The Clinton foreign policy team of Christopher, Albright, Lake and Berger, who demonstrated their ability to work harmoniously together throughout the campaign, faces some immediate hard choices affecting U.S. relations with Middle Eastern allies. Policy recommendations they prepared for candidate Clinton called for a more active U.S. policy in Bosnia and U.S. support of a U.N. rescue mission to Somalia. They also called for more support for Boris Yeltsin in Russia, use of trade sanctions to force China to reduce its human rights violations, and tougher trade negotiations with Japan.

"Distinguishing" Policies

They also called for a more sympathetic U.S. policy toward Israel. They know, however, that returning to the Reagan-era blatantly pro-Israel tilt in the Middle East would obviate Bush administration gains there, and very likely throw the area, and its relations with the United States, into chaos. Speaking off-the-record to reporters, Clinton aides say policies enunciated during the campaign were only to "distinguish" Clinton from Bush.

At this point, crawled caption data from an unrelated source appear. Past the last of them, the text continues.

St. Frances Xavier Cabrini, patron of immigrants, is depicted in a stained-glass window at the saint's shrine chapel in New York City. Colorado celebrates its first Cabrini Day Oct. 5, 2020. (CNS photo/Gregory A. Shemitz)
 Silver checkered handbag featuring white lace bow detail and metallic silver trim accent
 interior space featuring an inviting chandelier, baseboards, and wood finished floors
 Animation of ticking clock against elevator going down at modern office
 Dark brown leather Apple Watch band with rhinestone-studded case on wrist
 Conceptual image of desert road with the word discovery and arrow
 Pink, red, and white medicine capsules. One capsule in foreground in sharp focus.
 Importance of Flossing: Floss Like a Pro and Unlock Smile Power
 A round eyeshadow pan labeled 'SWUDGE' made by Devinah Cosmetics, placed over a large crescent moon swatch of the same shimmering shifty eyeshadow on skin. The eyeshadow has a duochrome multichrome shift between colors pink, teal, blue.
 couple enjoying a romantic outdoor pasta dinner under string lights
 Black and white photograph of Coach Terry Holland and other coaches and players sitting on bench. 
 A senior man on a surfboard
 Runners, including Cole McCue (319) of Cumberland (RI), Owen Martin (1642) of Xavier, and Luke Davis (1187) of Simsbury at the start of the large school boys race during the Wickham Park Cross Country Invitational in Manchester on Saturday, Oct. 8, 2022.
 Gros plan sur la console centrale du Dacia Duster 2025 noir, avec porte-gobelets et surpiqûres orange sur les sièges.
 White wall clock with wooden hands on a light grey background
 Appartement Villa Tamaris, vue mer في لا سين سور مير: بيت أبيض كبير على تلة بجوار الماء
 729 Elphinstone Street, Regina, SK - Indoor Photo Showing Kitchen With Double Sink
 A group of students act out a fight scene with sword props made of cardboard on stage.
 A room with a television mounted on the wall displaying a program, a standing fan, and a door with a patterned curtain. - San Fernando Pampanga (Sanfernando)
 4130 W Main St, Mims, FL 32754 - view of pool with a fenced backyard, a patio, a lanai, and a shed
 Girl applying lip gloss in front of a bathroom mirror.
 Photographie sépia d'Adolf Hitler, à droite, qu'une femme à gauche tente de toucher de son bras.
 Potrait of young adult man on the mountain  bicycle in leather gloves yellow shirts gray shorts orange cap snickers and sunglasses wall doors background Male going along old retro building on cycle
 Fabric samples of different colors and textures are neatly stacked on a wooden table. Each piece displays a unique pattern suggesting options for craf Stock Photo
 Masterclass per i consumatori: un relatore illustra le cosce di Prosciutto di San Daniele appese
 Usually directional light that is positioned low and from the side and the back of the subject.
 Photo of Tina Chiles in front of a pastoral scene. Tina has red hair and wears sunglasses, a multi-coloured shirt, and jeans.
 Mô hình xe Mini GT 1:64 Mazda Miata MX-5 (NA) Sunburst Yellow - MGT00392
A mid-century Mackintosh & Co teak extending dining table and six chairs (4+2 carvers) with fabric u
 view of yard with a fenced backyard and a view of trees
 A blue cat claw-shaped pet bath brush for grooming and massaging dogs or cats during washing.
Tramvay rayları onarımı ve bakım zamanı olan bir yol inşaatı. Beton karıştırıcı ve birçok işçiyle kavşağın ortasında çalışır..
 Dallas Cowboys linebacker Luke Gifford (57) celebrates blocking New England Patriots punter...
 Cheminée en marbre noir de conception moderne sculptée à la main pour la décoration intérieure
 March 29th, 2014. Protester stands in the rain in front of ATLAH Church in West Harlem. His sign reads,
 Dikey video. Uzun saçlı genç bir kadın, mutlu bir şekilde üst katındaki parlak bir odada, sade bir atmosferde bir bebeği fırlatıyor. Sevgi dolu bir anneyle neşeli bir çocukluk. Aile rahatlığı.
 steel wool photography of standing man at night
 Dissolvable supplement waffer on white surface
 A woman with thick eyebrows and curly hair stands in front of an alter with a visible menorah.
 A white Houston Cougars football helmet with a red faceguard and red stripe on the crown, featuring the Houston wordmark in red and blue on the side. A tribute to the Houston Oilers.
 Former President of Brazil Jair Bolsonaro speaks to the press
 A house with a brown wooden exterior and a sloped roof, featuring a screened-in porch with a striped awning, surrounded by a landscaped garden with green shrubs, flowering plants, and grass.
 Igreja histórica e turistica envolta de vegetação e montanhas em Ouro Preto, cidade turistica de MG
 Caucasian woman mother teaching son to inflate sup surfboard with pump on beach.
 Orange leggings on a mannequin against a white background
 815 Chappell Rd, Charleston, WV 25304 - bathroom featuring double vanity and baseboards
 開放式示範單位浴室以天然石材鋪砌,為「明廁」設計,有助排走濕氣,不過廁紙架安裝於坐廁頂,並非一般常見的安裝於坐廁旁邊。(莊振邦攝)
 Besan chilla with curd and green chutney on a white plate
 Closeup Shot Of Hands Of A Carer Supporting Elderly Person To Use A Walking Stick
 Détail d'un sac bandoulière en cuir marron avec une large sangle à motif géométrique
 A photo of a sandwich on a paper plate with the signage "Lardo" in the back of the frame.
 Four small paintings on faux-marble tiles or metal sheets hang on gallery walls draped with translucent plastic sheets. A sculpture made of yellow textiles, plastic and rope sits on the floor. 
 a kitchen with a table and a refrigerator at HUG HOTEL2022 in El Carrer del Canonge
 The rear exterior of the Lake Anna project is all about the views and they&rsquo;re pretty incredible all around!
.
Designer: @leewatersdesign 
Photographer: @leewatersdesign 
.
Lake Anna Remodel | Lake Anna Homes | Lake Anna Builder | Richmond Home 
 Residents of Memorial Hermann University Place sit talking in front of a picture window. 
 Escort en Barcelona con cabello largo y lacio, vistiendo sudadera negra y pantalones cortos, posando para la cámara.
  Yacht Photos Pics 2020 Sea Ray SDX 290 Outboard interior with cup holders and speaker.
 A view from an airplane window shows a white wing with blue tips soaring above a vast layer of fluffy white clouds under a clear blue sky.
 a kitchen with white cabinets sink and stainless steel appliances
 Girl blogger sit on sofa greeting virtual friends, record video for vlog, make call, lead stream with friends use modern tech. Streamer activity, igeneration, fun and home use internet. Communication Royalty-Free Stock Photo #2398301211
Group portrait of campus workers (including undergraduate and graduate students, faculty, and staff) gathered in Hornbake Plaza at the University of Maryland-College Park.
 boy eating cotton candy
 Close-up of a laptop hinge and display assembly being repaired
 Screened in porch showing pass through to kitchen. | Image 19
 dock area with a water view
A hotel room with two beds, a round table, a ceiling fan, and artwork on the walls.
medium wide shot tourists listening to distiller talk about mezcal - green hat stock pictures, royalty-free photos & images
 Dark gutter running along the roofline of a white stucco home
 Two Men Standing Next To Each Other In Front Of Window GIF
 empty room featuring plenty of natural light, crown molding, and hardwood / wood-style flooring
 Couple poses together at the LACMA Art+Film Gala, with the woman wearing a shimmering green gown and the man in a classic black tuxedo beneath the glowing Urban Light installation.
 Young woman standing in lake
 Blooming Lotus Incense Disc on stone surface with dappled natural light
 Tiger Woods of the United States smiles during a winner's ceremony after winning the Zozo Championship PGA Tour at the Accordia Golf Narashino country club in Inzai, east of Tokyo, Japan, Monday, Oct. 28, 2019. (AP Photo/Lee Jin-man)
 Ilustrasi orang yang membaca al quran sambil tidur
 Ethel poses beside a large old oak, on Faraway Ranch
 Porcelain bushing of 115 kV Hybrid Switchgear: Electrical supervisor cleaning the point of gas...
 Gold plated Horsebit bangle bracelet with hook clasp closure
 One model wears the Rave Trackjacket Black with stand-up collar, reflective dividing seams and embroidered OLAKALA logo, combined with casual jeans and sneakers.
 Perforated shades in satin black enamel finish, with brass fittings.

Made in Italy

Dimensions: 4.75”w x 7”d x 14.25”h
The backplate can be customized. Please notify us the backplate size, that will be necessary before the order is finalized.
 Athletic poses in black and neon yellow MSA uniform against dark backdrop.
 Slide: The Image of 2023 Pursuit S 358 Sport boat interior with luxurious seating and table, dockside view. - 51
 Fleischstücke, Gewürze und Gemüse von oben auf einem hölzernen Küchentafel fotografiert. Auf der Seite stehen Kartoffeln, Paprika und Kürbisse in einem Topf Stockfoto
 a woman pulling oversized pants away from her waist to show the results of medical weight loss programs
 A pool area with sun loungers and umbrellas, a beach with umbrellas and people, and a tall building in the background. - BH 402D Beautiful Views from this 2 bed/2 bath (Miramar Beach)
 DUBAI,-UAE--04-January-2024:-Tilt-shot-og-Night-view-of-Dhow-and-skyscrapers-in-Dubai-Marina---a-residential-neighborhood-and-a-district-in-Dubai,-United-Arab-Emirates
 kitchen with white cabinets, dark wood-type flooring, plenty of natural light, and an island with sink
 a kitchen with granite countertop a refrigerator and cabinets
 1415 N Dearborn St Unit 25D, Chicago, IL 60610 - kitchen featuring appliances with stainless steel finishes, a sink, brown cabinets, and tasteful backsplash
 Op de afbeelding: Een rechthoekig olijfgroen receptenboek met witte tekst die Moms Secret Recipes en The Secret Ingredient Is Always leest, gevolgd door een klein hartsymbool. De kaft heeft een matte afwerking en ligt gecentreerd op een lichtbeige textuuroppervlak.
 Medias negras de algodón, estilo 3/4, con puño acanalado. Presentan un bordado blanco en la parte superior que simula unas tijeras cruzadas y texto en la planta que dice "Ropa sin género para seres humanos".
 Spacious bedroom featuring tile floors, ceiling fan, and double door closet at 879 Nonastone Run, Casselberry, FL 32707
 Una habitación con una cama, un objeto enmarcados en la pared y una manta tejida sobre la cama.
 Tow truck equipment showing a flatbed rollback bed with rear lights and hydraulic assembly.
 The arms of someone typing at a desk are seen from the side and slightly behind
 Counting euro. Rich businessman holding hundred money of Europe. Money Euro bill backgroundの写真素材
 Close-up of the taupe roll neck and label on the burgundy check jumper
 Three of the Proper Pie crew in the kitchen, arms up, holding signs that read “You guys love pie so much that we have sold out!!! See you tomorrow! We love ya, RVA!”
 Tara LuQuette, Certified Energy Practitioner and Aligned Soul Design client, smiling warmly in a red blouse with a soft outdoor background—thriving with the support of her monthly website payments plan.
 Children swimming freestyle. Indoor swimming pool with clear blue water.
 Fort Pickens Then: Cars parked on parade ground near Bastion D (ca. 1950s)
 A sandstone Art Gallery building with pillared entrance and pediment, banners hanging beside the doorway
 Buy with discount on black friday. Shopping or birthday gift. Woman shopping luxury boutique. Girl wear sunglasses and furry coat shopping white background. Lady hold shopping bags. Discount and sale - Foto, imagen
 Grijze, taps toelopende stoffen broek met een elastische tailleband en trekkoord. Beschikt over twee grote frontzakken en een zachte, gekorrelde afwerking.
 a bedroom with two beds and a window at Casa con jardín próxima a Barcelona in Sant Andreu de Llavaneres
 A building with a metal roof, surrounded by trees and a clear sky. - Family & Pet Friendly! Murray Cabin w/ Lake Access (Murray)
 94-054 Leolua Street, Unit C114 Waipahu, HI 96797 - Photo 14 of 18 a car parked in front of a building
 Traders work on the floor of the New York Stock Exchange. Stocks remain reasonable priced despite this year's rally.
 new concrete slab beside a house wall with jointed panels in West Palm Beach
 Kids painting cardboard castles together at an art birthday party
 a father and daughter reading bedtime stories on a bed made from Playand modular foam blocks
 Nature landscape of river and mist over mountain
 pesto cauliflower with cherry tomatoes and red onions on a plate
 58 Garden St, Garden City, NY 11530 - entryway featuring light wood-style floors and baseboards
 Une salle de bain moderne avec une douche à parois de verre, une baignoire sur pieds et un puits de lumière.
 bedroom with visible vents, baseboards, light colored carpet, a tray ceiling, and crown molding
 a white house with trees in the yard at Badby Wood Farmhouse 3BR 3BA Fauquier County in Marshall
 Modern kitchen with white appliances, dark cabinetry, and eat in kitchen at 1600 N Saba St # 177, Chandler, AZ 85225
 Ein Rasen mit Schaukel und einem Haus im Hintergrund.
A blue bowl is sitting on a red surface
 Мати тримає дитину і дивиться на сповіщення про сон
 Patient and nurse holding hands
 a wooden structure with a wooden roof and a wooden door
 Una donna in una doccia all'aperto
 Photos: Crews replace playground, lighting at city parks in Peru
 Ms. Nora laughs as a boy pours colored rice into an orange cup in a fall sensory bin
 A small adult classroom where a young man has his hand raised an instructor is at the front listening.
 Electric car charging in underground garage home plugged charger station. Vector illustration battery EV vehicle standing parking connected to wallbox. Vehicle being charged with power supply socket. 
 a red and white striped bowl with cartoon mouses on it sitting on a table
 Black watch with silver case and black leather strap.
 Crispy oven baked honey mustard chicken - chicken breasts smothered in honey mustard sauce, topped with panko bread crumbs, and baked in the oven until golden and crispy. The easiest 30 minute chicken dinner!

If so, the Clinton foreign policy appointees may be just the team to "conceptualize" an activist policy building upon the opportunities presented by the end of the Cold War and the accomplishments of previous administrations. On the other hand, exposure of the Steiner tape may end up affecting the appearance but not the substance of Clinton's Middle East policy.

He knows that his greatest problem as president will be to avoid the perception that he is paying back the special interests he relied upon to fund and staff his campaign. Just as he visibly distanced himself from Jesse Jackson during his campaign, but wooed Black voters directly, he may only be putting some visible space between himself and the AIPAC leaders who are claiming public credit for 60 percent of his campaign funding.

That does not preclude Clinton from working through more moderate and dovish American Jews, however. Or he may deal directly with Israeli Prime Minister Yitzhak Rabin to give Israel whatever it wants, and thus woo mainstream U.S. Jewish journalists, donors and voters.

If the latter is Clinton's strategy, Warren Christopher may find he is just a hired hand. His job would be to satisfy a constituency that boasts it played the key role in the early funding and staffing of Clinton's come-from-behind presidential campaign, and that it can do the same thing again, for Clinton or for a rival, in 1996.